## Task to carry out
Omit every picture, and retype the lines that run from the beginning of the data below through the line containing "A Vintage Mexican", inclusive.

## The records
>>>

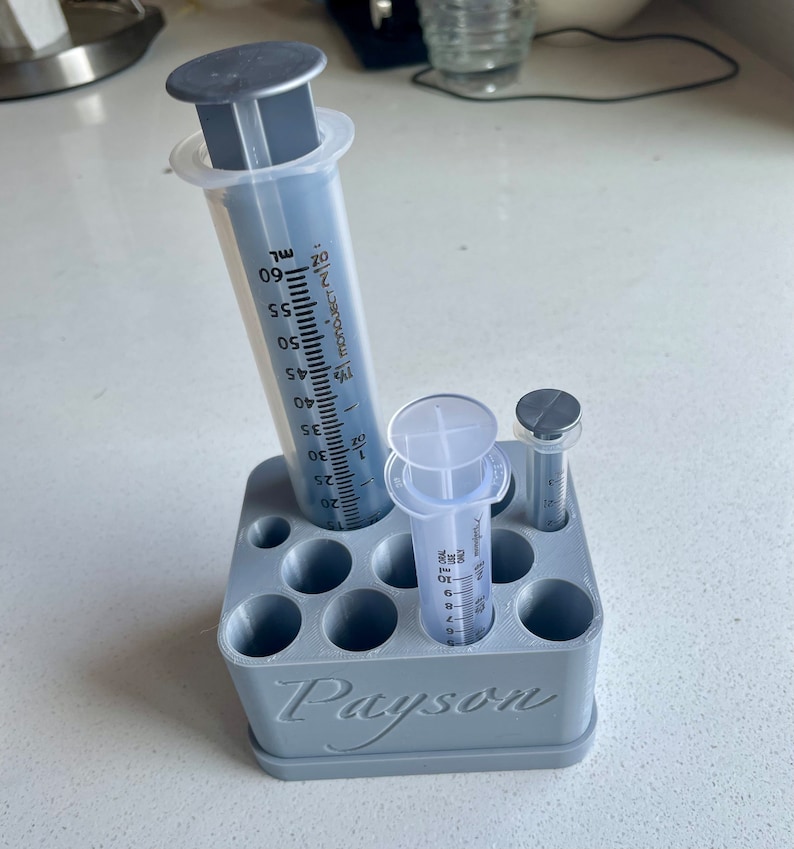 Custom Syringe holder/drying rack made to order. Customized with your name! image 4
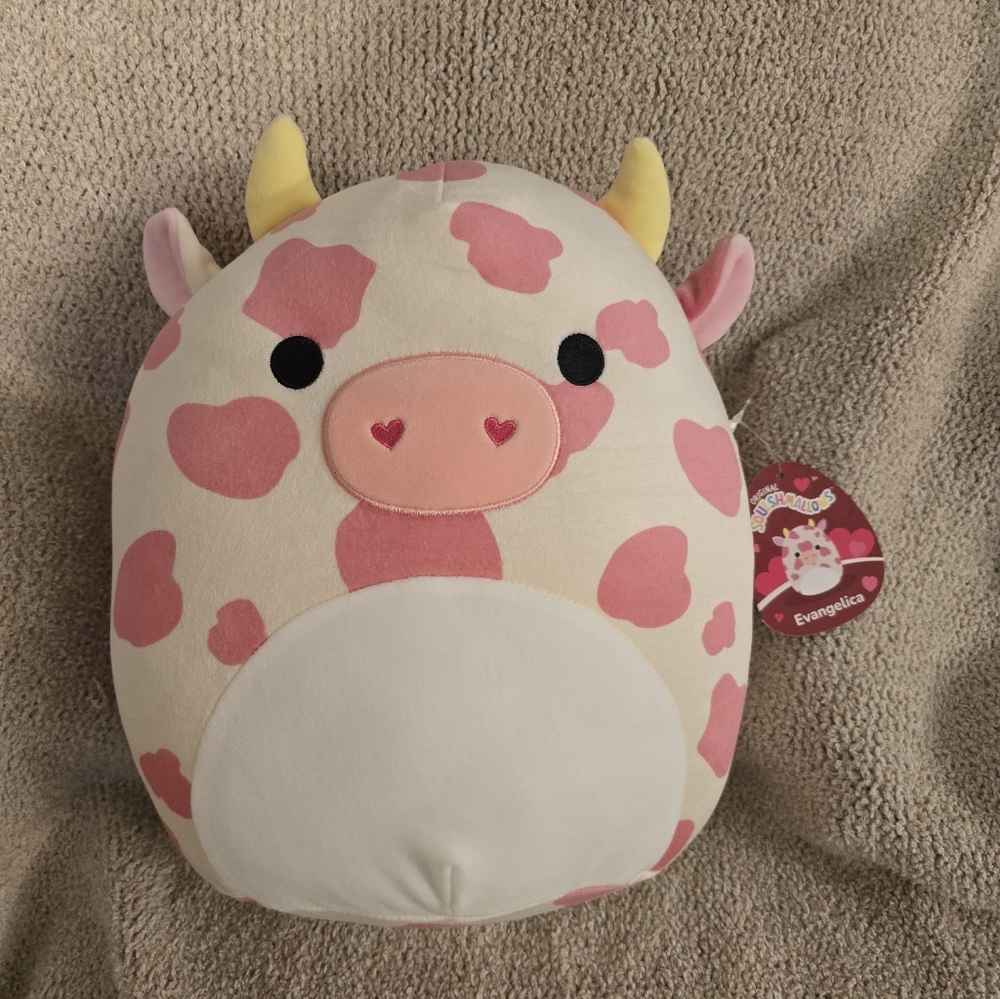 *LIMITED EDITION* ORIGINAL SQUISHMALLOWS Evangelica Valentine's Day Pink Cow - Picture 1 of 6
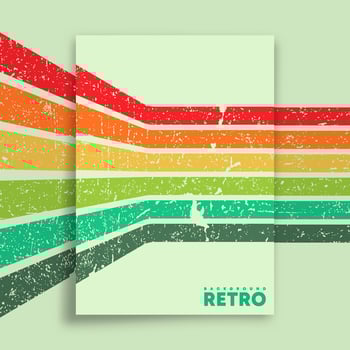 Retro design poster with vintage grunge texture and colorful stripes. Vector illustration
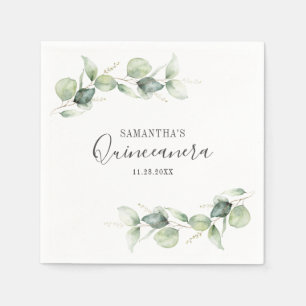 Serviette En Papier Eucalyptus Quinceanera 15e Anniversaire Document d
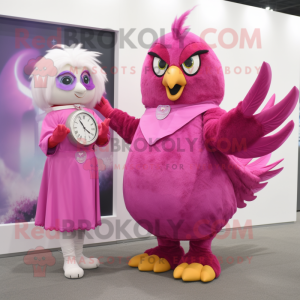 Magenta Dove maskot kostume...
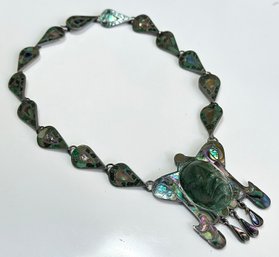 A Vintage Mexican Sterling Silver And Abalone Mask Necklace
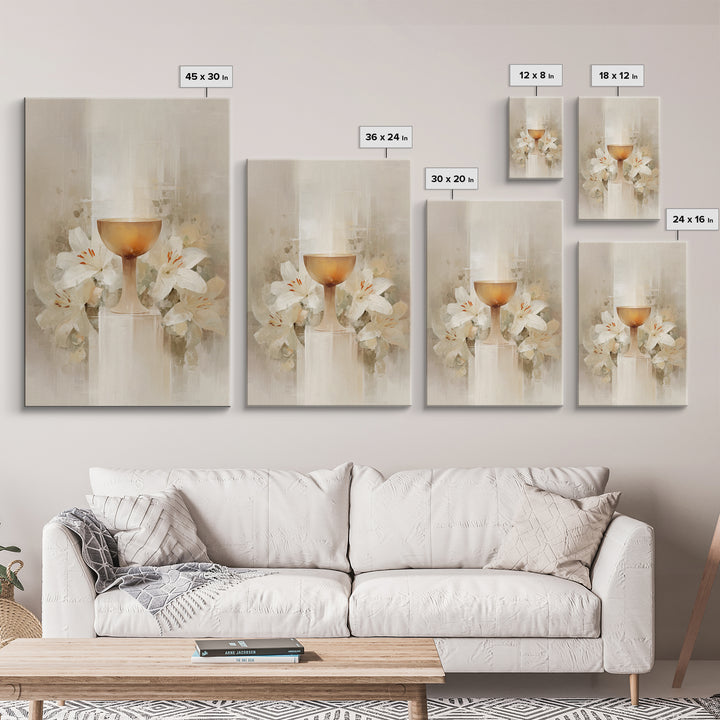 Radiant Chalice Bloom, Framed Canvas Print, Christian Wall Art, Christian Art Canvas, Modern Christian Painting, Christian Gift Ideas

<<<

## Task output
 Custom Syringe holder/drying rack made to order. Customized with your name! image 4
 *LIMITED EDITION* ORIGINAL SQUISHMALLOWS Evangelica Valentine's Day Pink Cow - Picture 1 of 6
 Retro design poster with vintage grunge texture and colorful stripes. Vector illustration
 Serviette En Papier Eucalyptus Quinceanera 15e Anniversaire Document d
 Magenta Dove maskot kostume...
 A Vintage Mexican Sterling Silver And Abalone Mask Necklace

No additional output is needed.